A program according to a thirteenth aspect of the present invention causes a computer mounted on a power management apparatus that manages power states of apparatuses to function as: holding means for holding correspondence information in which one or a plurality of specific first apparatuses among one or plurality of first apparatuses are associated with one or a plurality of specific second apparatuses among one or plurality of second apparatuses, the one or plurality of specific second apparatuses performing data communication with the specific first apparatuses; and control means for obtaining information about power states of the specific first apparatuses and controlling power states of the specific second apparatuses based on the information.

According to the program according to the thirteenth aspect, one or a plurality of specific first apparatuses and one or a plurality of specific second apparatuses which are associated with each other in correspondence information held by the holding means among one or a plurality of first apparatuses and one or a plurality of second apparatuses are set. Then, information about the power states of the specific first apparatuses is obtained, and based on the settings in the correspondence information and the information about the power states of the specific first apparatuses, the power states of the specific second apparatuses can be controlled by the control means. Therefore, power management can be performed in which, for example, when, with one or a plurality of first apparatuses and one or a plurality of second apparatuses being present, the power states of all specific first apparatuses are off, the power states of specific second apparatuses are set to off. Thus, power management considering convenience of users of the first apparatuses can be performed, such as setting the power states of only the specific second apparatuses that do not have data communication from their associated specific first apparatuses to off.

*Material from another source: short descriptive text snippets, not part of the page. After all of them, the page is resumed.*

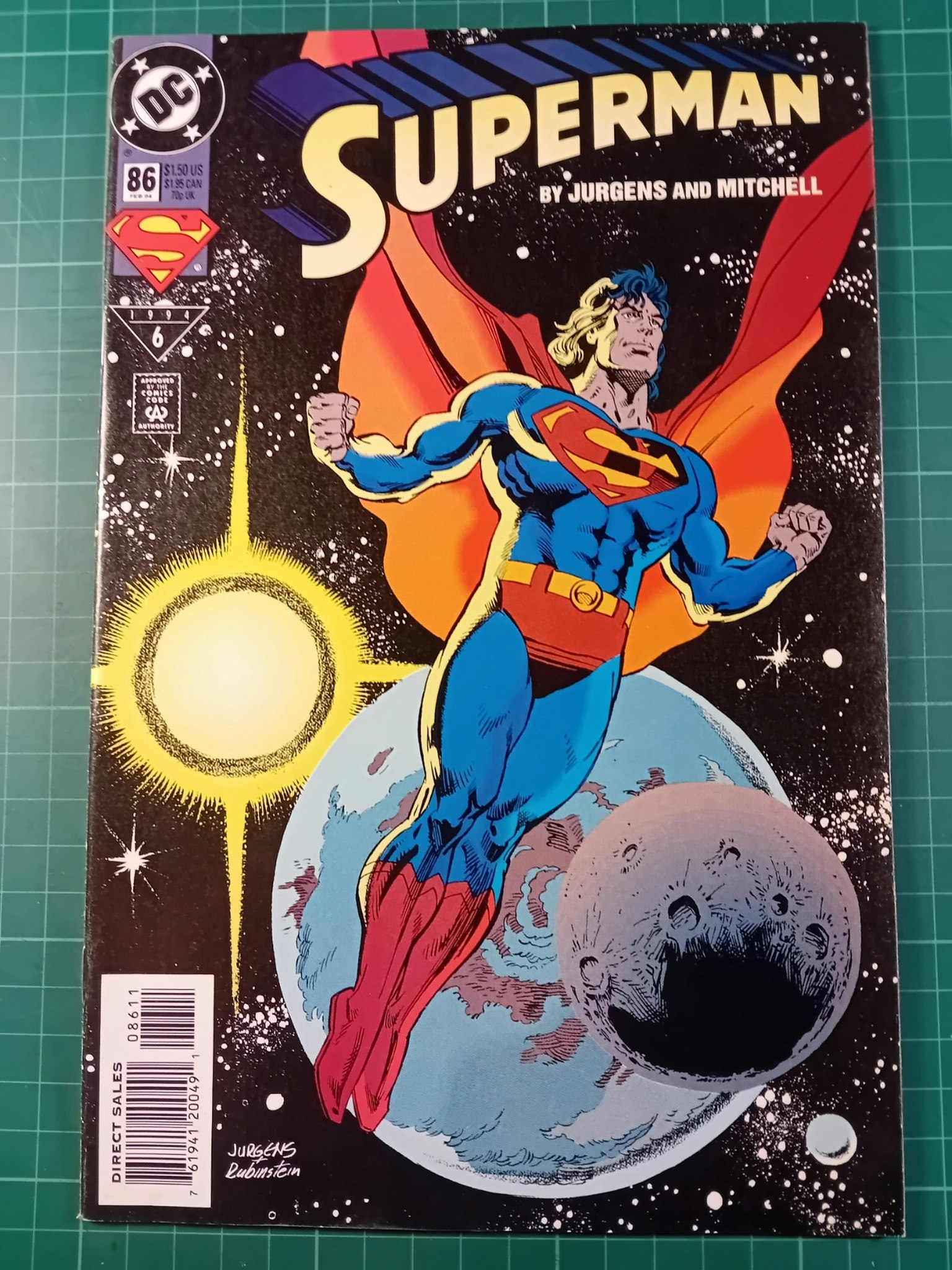Superman #086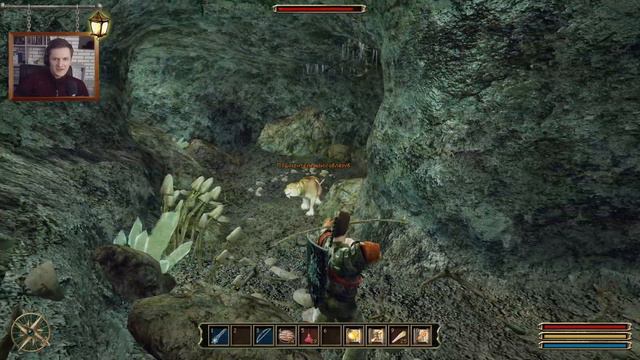 Gothic 3 (Готика 3) - Вспоминаем уроки Весемира! смотреть онлайн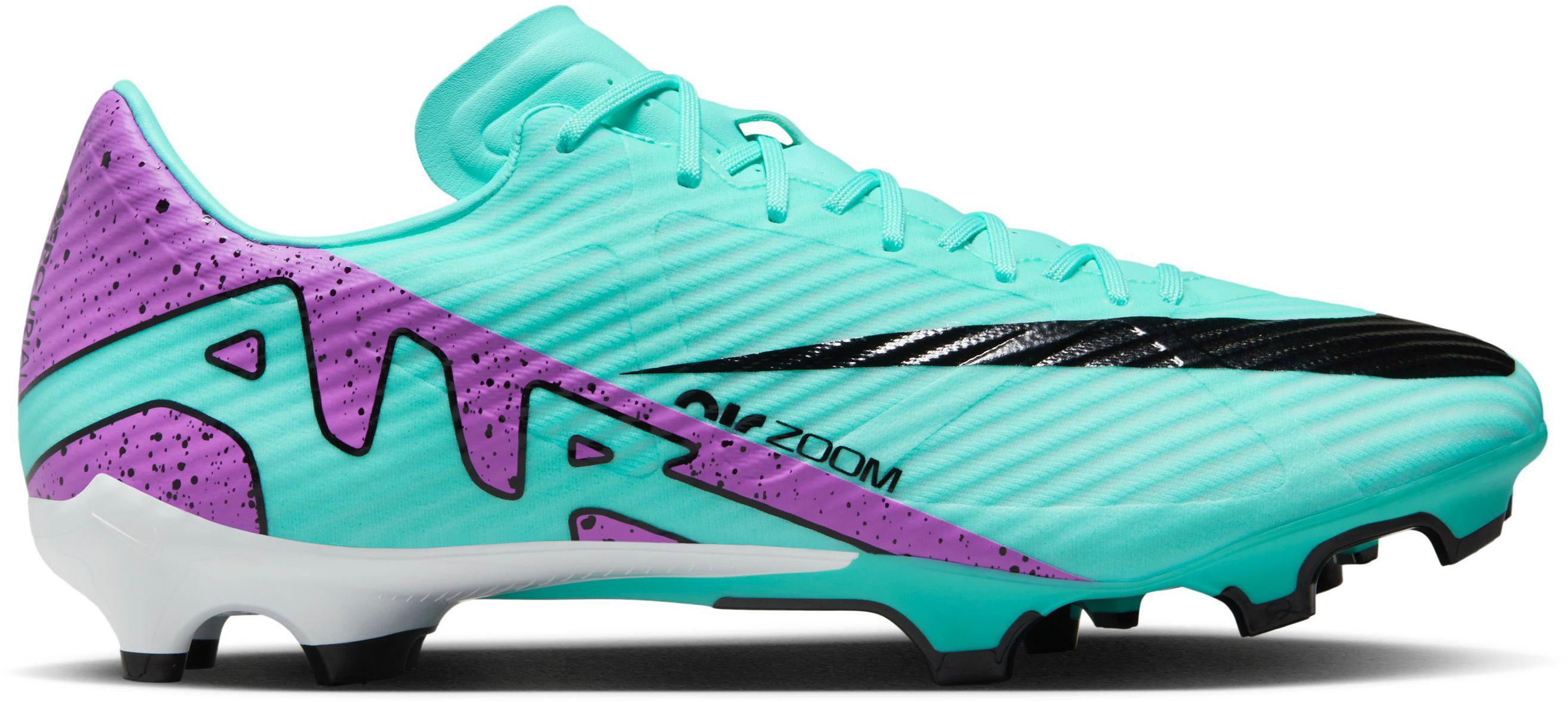 Nike Mercurial ZOOM VAPOR 15 ACADEMY FG MG FuBballschuhe hyper turq fuchsia dream black white im Online Shop von SportScheck kaufen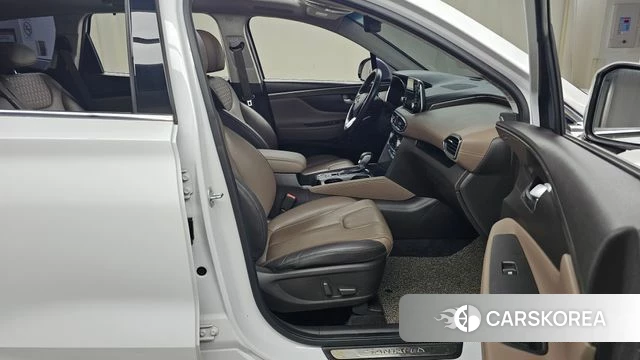 Hyundai Santa Fe TM id 4626235 из Кореи 18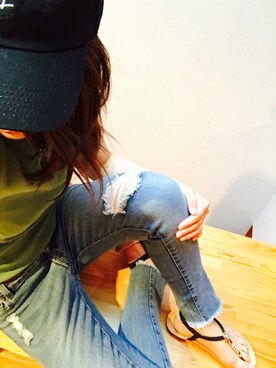 Shellyさんのコーディネート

A power management method according to a fourteenth aspect of the present invention is a power management method for managing power states of apparatuses and includes: a step (A) of holding correspondence information in which one or a plurality of specific first apparatuses among one or plurality of first apparatuses are associated with one or a plurality of specific second apparatuses among one or plurality of second apparatuses, the one or plurality of specific second apparatuses performing data communication with the specific first apparatuses; and a step (B) of obtaining information about power states of the specific first apparatuses and controlling power states of the specific second apparatuses based on the information.

According to the power management method according to the fourteenth aspect, based on correspondence information in which specific first apparatuses are associated with specific second apparatuses which is held in the step (A) and information about the power states of the specific first apparatuses which is obtained in the step (B), control of the power states of the specific second apparatuses can be performed. Therefore, power management can be performed in which, for example, when, with one or a plurality of first apparatuses and one or a plurality of second apparatuses being present, the power states of all specific first apparatuses are off, the power states of specific second apparatuses are set to off. Thus, power management considering convenience of users of the first apparatuses can be performed, such as setting the power states of only the specific second apparatuses that do not have data communication from their associated specific first apparatuses to off.

An information processing apparatus according to a fifteenth aspect of the present invention is an information processing apparatus that specifies a communication relationship between one or a plurality of first apparatuses and one or a plurality of second apparatuses, and includes: observing means for observing communication conditions between the first apparatuses and the second apparatuses; and editing means for editing, based on a result of the observation by the observing means, correspondence information in which one or a plurality of specific first apparatuses among the first apparatuses are associated with one or a plurality of specific second apparatuses among the second apparatuses, the one or plurality of specific second apparatuses having a communication relationship with the specific first apparatuses.

As used herein, the editing of correspondence information performed by the editing means includes not only a change to correspondence information but also creation and deletion of correspondence information.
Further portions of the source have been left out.